> [TASK INPUT]:
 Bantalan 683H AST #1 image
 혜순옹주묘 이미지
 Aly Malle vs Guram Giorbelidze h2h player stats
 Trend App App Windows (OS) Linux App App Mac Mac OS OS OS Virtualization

---

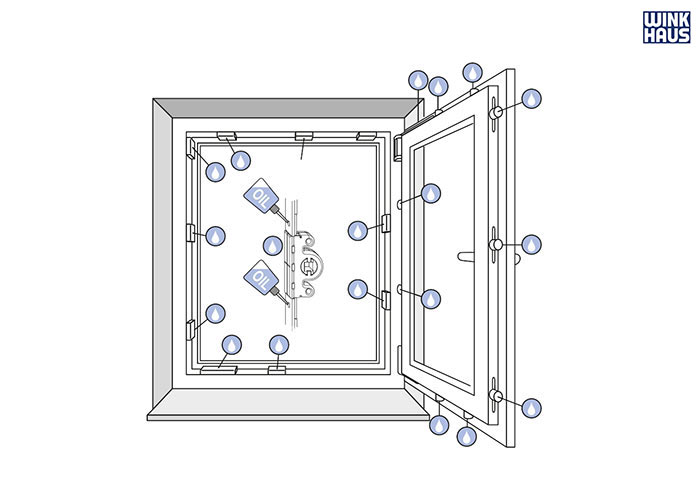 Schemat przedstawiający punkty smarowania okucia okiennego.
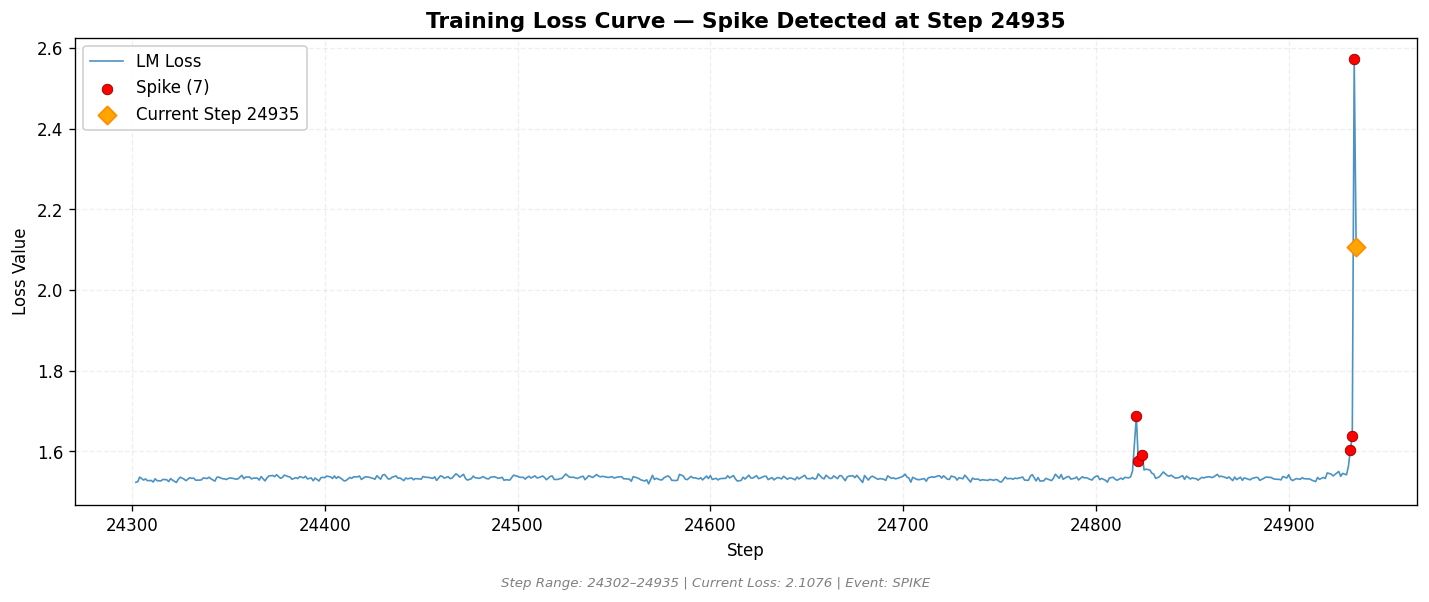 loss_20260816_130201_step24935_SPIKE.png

> [ABOUT THIS EXERCISE]: Restate word for word only the lines above from the line containing "Aly Malle vs" to the line containing "Trend App App", both of them included.

> [SOLUTION TO THIS PROBLEM]:
 Aly Malle vs Guram Giorbelidze h2h player stats
 Trend App App Windows (OS) Linux App App Mac Mac OS OS OS Virtualization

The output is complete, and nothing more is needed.